LONDON (Guardian) — A coarse joke about political rivalry between Russia’s president, Dmitry Medvedev, and its prime minister, Vladimir Putin, told to American diplomats may land Azerbaijan’s leader, Ilham Aliyev, in trouble next time he meets one or both leaders.
Aliyev used coarse street slang to describe the relationship between Medvedev and Putin, but he might well have used the same idiom to describe his concerns about Turkish-Armenian reconciliation and the Nagorno-Karabagh peace process. He told Under-Secretary of State for Political Affairs Bill Burns that the “Sword of Damocles” of the April 24 Armenian Remembrance Day is hanging over the Nagorno Karabagh Process, as well as the Turkey-Armenia normalization process. He suggested that it would be easier if the Turkey- Armenia normalization could be considered after April in order to allow more time for progress on Nagorno Karabagh.
He also took the opportunity to press the US government to apply maximum pressure on Yerevan to make concessions on Nagorno Karabagh. He stressed, “Now we are trying to be even more flexible.”

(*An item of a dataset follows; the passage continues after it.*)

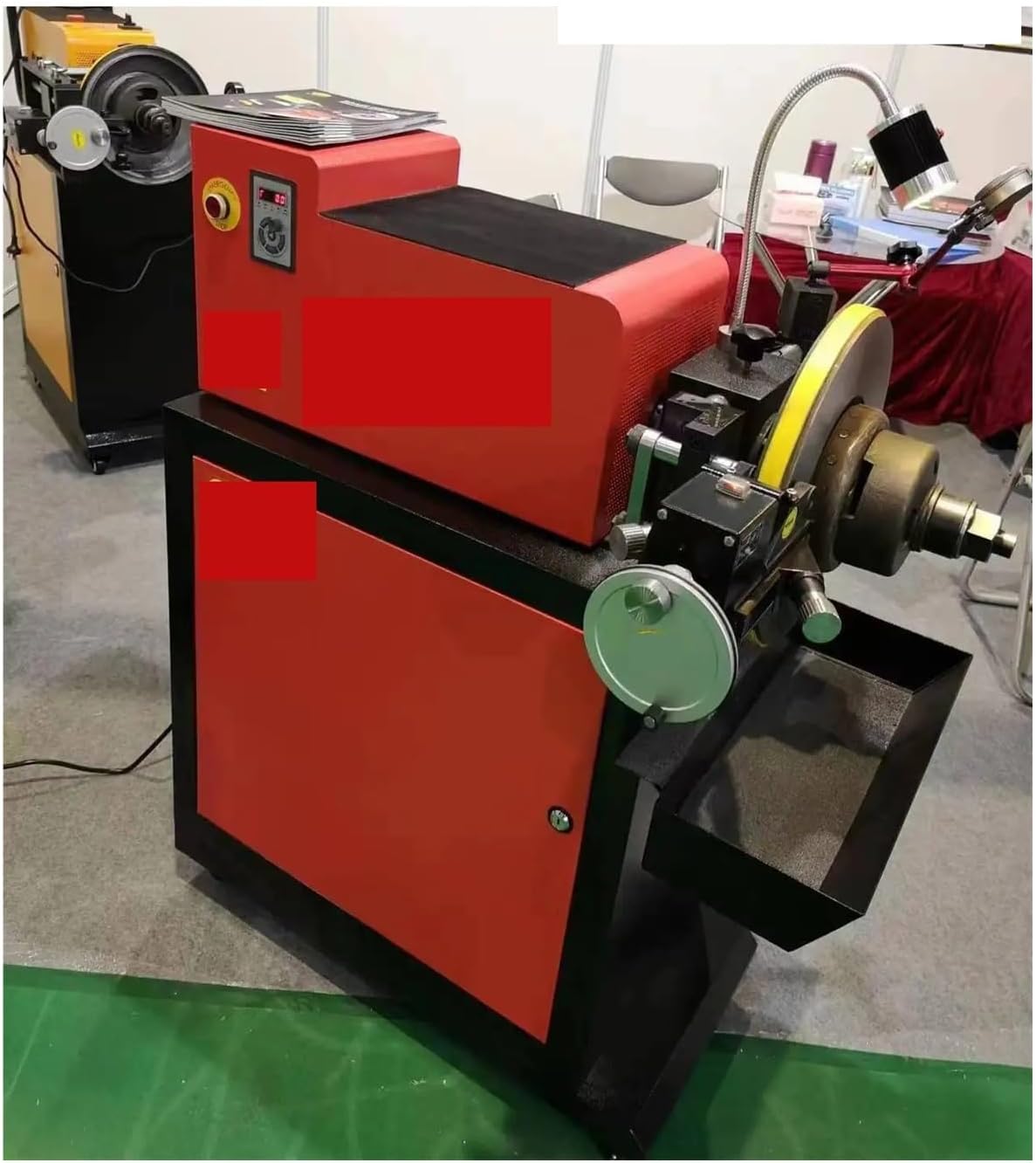 buy brake lathe am-552,should I buy brake lathe am-552,best brake lathe for heavy trucks,brake lathe am-552 pros cons,am-552 vs other brake lathes,brake lathe worth buying unboxing and complete package contents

On Iran, Aliyev said he supported economic isolation and believed it could be effective if enforced by a broad coalition. He complained about Iranian security provocations. On energy cooperation, President Aliyev said that if the Turks demonstrate “constructive behavior” this year that a gas transit deal can happen. Finally, on the jailed youth activists, though he made no firm commitments regarding their release, he said, “I think [a pardon or amnesty] can be done. I had no intention to hurt anyone.”

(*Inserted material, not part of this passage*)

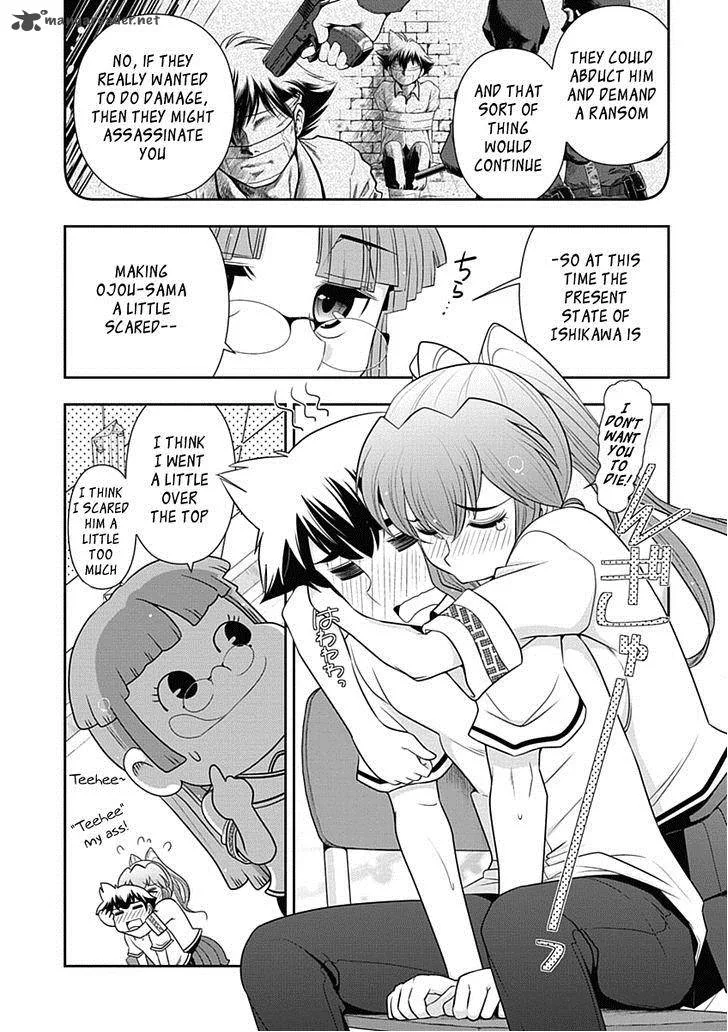 Mission School Chapter 16 page 9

Seeks Pressure on Yerevan to Resolve Nagorno Karabagh
Burns began his hour-long meeting with President Ilham Aliyev by stressing that he was sent with the simple message that Washington wants to build bilateral relations and create a stronger partnership. He then offered his condolences for the three Azeri soldiers killed on the Line of Contact on February 18. Aliyev responded that such events show that there is no peace, no peace treaty and no peacekeepers enforcing the cease-fire. He worried more such incidents could happen. Burns commented that such incidents underscored the urgency of finding a political solution on Nagorno-Karabagh.